1. the no tight coupling multinode multicomputer system in shared address space, is characterized in that, comprising:

Control module between node, shares for realize the system address space of global view between a plurality of server nodes of no tight coupling;

2. system according to claim 1, is characterized in that:

Described server node comprises at least one processor, at least one Memory control module, and at least one I/O control module.

3. system according to claim 1, is characterized in that:

Between described node, control module comprises:

The network interface being connected with each server node;

4. system according to claim 3, is characterized in that:

In described system address space mapping block, set up and have a global system Address space mappinD relation table and an intra-node resource mapping table;

5. system according to claim 4, is characterized in that: all shared resources of same server node are mapped in one section of continuous MMIO address space.

6. system according to claim 3, is characterized in that:

The latching operation administration module of described support atomic instructions, for realizing the mutually exclusive operation between a plurality of server nodes.

7. according to the system described in claim 3-6, it is characterized in that:

The memory source that described local real resources is described server node and I/O resource.
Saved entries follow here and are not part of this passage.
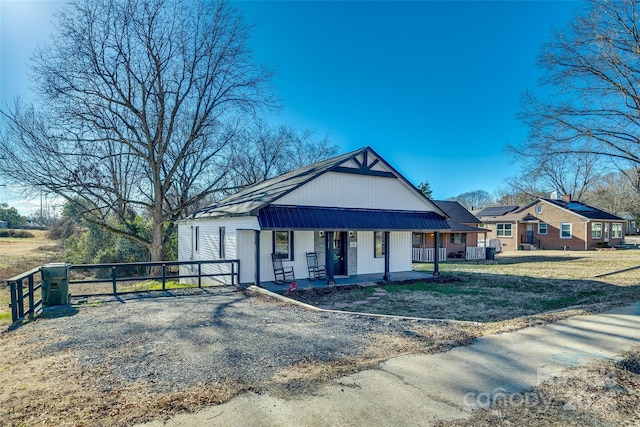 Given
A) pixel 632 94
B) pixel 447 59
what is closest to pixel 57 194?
pixel 447 59

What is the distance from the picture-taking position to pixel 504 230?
112ft

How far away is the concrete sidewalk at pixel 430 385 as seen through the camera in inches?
129

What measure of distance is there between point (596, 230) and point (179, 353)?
38.9 meters

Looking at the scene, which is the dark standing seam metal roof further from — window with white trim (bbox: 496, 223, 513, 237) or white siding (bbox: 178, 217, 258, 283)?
window with white trim (bbox: 496, 223, 513, 237)

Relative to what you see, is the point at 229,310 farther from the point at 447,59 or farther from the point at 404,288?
the point at 447,59

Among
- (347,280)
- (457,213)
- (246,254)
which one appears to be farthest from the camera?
(457,213)

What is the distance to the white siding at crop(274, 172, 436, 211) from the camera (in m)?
12.6

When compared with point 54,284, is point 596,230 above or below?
above

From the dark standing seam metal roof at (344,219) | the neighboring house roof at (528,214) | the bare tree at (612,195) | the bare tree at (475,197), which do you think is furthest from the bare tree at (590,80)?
the bare tree at (475,197)

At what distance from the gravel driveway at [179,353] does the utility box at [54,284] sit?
65cm

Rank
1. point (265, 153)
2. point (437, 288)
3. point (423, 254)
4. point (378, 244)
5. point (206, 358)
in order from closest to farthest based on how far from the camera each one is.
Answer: point (206, 358)
point (437, 288)
point (378, 244)
point (423, 254)
point (265, 153)

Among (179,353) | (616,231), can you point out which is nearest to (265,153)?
(179,353)

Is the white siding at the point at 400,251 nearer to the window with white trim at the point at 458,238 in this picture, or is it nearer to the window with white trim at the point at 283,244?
the window with white trim at the point at 283,244

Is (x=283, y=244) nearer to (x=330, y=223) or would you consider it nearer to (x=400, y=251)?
(x=330, y=223) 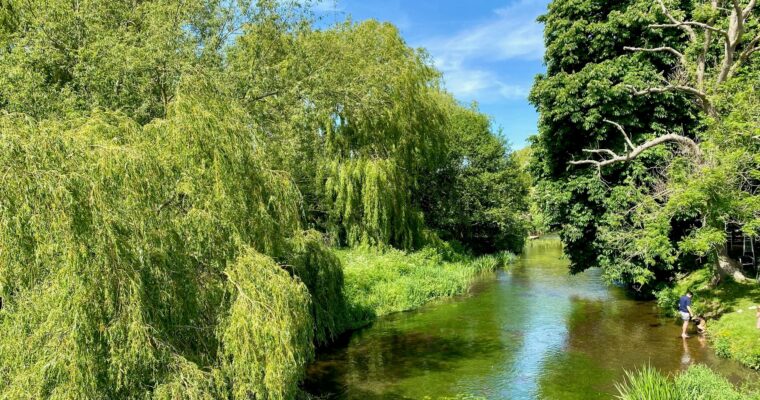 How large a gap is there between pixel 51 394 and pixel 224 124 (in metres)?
5.01

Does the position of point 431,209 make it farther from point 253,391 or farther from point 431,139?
point 253,391

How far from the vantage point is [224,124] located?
9.07 meters

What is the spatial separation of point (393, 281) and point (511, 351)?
8.26 meters

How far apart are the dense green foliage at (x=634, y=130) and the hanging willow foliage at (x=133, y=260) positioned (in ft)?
43.6

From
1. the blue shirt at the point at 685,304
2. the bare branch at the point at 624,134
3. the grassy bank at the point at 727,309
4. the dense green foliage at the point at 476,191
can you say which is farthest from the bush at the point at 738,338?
the dense green foliage at the point at 476,191

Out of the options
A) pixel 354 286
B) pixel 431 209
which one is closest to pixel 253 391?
pixel 354 286

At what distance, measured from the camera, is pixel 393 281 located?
22422mm

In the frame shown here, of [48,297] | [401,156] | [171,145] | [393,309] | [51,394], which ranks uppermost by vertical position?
[401,156]

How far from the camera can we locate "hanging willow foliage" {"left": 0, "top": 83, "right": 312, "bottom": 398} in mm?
5910

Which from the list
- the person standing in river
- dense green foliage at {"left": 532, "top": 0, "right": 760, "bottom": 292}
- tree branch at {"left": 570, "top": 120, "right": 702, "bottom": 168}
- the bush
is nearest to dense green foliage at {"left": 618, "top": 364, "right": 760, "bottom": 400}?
the bush

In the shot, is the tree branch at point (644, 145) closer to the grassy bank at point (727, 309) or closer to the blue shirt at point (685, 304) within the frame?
the grassy bank at point (727, 309)

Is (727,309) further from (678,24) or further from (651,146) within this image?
(678,24)

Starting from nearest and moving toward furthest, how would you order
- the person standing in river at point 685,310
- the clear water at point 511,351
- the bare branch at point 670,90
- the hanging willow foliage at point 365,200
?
1. the clear water at point 511,351
2. the person standing in river at point 685,310
3. the bare branch at point 670,90
4. the hanging willow foliage at point 365,200

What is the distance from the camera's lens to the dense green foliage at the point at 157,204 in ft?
19.6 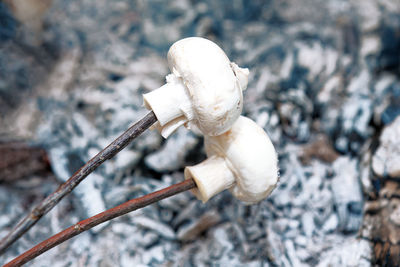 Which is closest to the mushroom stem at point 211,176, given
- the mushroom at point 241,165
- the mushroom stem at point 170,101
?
the mushroom at point 241,165

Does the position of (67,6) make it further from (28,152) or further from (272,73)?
(272,73)

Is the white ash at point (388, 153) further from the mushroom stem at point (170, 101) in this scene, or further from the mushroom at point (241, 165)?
the mushroom stem at point (170, 101)

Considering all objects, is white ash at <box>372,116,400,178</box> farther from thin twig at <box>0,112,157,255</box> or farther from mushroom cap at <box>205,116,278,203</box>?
thin twig at <box>0,112,157,255</box>

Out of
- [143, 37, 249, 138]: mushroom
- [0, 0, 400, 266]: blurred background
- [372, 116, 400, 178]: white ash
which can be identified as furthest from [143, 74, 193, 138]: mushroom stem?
[372, 116, 400, 178]: white ash

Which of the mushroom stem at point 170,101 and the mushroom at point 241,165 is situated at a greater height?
the mushroom stem at point 170,101

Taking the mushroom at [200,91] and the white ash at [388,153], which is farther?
the white ash at [388,153] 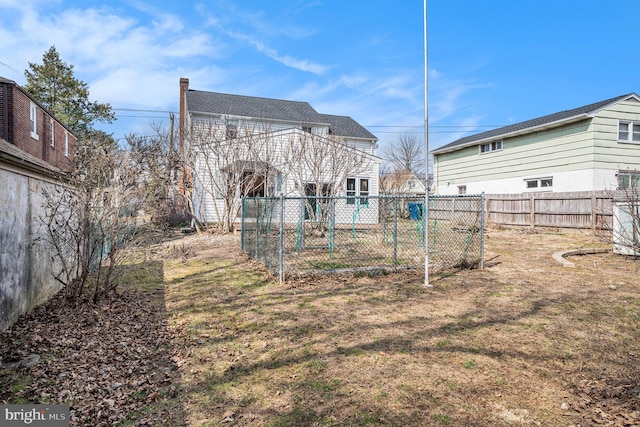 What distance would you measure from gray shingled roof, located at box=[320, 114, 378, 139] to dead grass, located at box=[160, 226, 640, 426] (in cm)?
2024

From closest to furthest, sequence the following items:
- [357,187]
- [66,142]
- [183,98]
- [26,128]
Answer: [26,128]
[357,187]
[66,142]
[183,98]

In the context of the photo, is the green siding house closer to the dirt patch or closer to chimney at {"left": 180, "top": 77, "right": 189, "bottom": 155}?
the dirt patch

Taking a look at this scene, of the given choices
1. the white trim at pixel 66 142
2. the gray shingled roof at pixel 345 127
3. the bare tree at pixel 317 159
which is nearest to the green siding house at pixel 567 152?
the bare tree at pixel 317 159

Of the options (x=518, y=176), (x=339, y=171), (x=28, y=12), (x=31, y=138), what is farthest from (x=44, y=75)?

8. a data access method for the no tight coupling multinode multicomputer system in shared address space,

It is characterized in that, comprising:

S2: described data access request is forwarded to controller ENC between node;

S4: corresponding remote node is received after described reading out data request, determines the address of the real resources of this remote node inside that described data access request will be accessed according to the intra-node resource address spatial mappings table of configuration.